Una de las épocas más
emocionantes, interesantes e inquietantes de la humanidad, fue sin duda el
renacimiento. Durante los siglos XV y XVI la cultura nacía a raudales en
cualquier rincón de la península italiana, en el que cuyos artífices tenían ya
nombres propios: Botticelli, Leonardo, Bernini… Decidme, ¿qué es lo primero que
se os viene a la cabeza al leer estos nombres? ¿Quizá dibujos? ¿Bocetos? ¿Obras
de arte de valor incalculable? ¿Pequeños estudios con olor a pintura? Sin duda, el legado de arte que nos dejaron
estos personajes es valiosísimo pero, desde luego, creo que otra parte igual de
importante en su historia es, también, la crónica de sus celos.
Hoy en día sigue produciendo una
emoción especial, emoción que yo misma sentí hace solo unas semanas, al
levantar la mirada hacia ese brillante y colorido techo de la Capilla Sixtina.
O en el Louvre, allí donde se encuentra uno de los cuadros, o mejor dicho, el
cuadro más famoso del mundo, La Guioconda. Su autor, Leonardo Da Vinci, era un hombre
de manías, pulcro, aseado, seguramente con porte de aristócrata, pero sin duda, y a parte de todo eso, fue un adelantado a su tiempo, un buscador incesante del alma natural de las
cosas. Leonardo era un hombre en el que todos se fijaban, al que todos
admiraban, hasta que a principios del siglo XV surgió otro genio, el
considerado por algunos como el mejor escultor de la historia, Miguel Angel
Buonarroti.
No es sabido por muchos el
detalle de que estos dos personajes fueron auténticos antagonistas, el uno en
la vida del otro, y no fueron pocos los testigos de la enemistad entre ambos.
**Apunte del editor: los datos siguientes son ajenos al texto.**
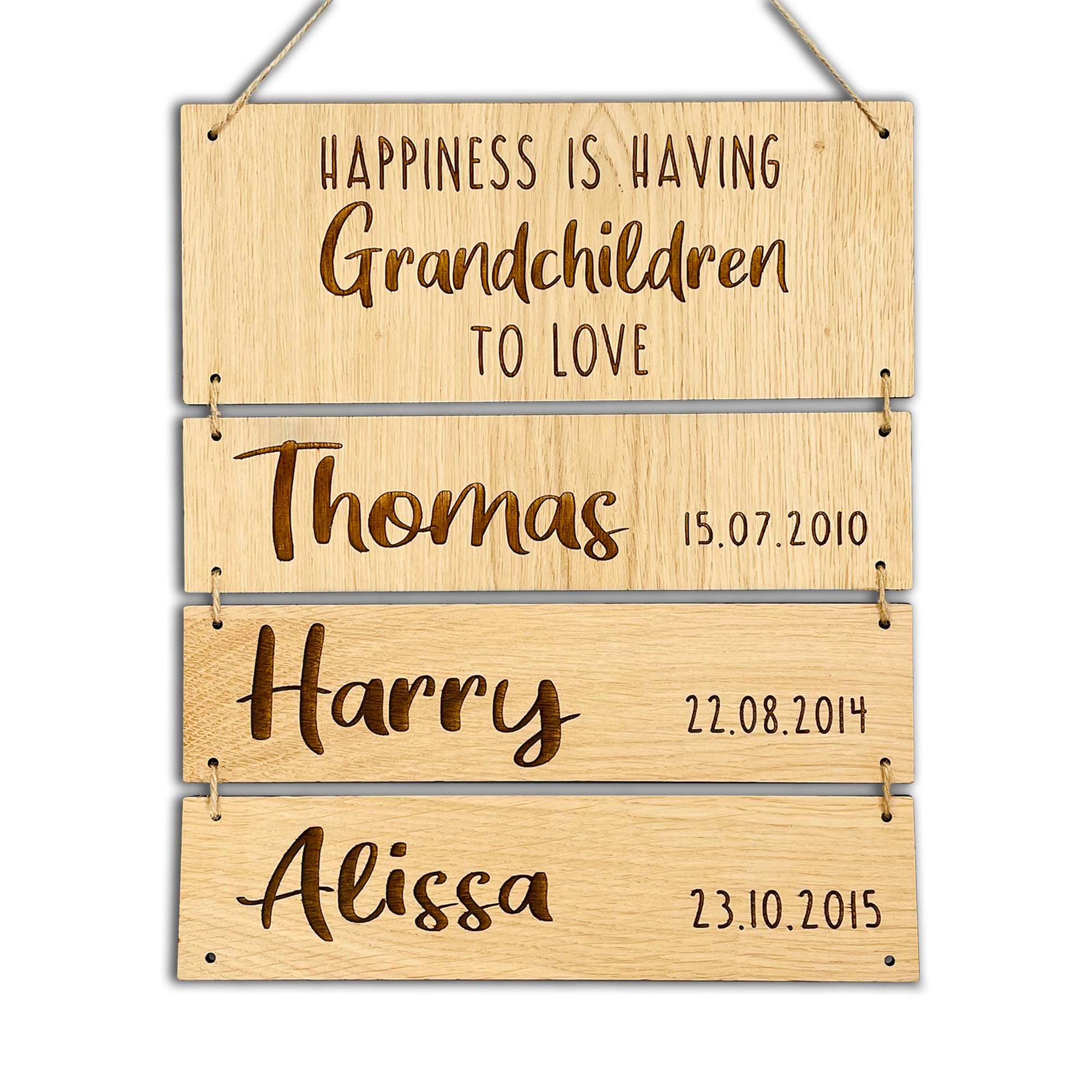 Personalised Wall Decoration Gift for Grandparents - Happiness is having Grandchildren to Love - 3 Grandchildren's Names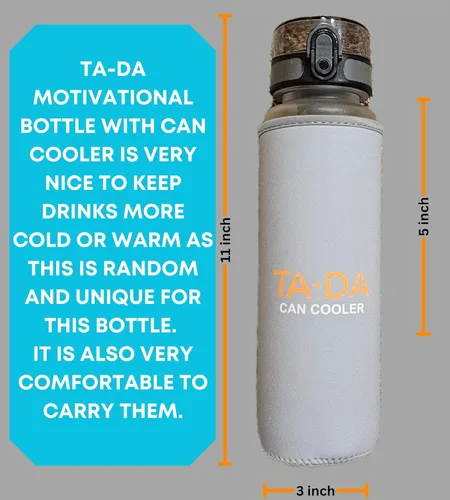Miniatura 2 de TA-DA Botella motivacional con enfriador de latas. 32 onzas te dice cuánto debes y bebiste Con enfriador de latas es más cálido, más frío y cómodo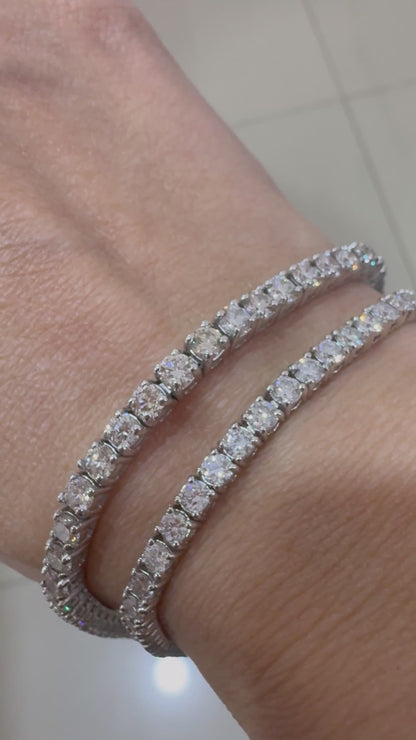 Round Cut Lab Grown Diamond Tennis Bracelet 9ct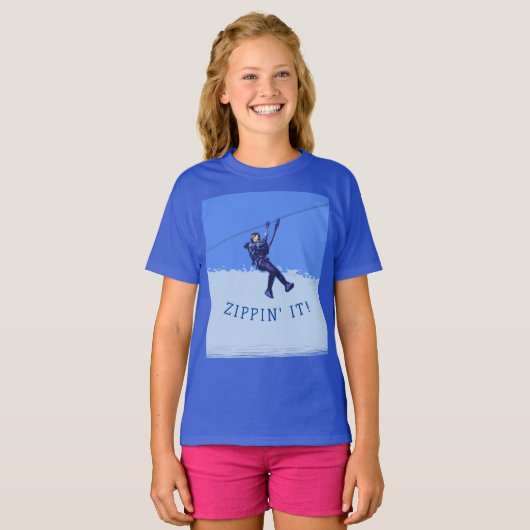ZIPPIN' IT! - Zipline Rider T-shirt (Voorkant volledig)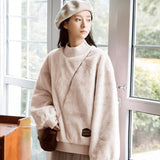 christmas outfit Dodobye Versatile plush loose turtleneck sweatshirt for women for age reduction autumn and winter 2025 new Korean style plus velvet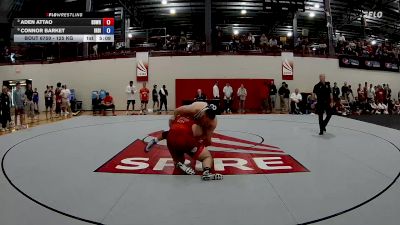 125 kg Cons. Round 9 - Aden Attao, Beaver Dam Wrestling Regional Training Center vs Connor Barket, Indiana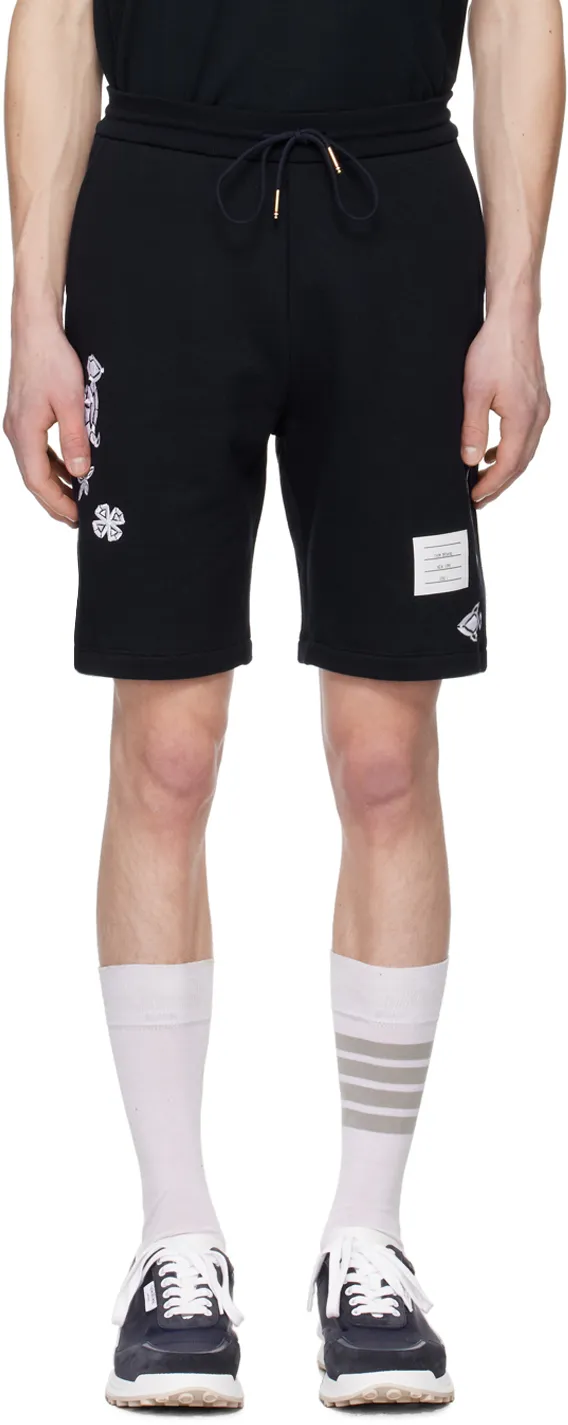 Embroidered Drawstring Track Shorts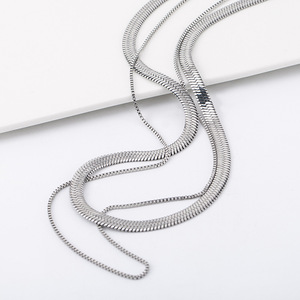 yunnique Unisex Layered <b>Titanium</b> Steel Blade <b>Chain</b> Necklace Double Layer Geometric Design Fashion Hip Hop Style - Product Image 3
Por eso, por indagar esos detalles de la historia que tan curiosos me resultan de
conocer en mis viajes, no me centraré en sus obras en estos relatos, sino en la
envidia que algunas de las mentes más extraordinarias de nuestra historia se
profirieron unas a otras.
EL FISGON CELOSO
¡Dios! ¡Estas dichosas escaleras
parecen estar malditas! —Gritó de repente Bramante, haciendo saltar al joven
pintor en su andamio de madera.
—¿Qué pasa ahora? ¿No consigues ese efecto infinito que tanto ambicionas?
Hazlas como se han hecho toda la vida…
El joven Rafael llevaba ya tres años en Roma, tiempo que había
aprovechado para desarrollar aún más su arte bajo los buenos consejos de su
amigo, y gran arquitecto, Donato Bramante, el mismo que lo había ayudado a
conseguir ese gran trabajo para decorar unas estancias del Vaticano. En
realidad, él nunca imaginó llegar tan lejos, le estaba muy agradecido a Donato,
realmente, por edad, cariño y asesoramiento, había sido casi como un padre para
él, pero no quitaba que muchas veces su genio lo pusiera de los nervios…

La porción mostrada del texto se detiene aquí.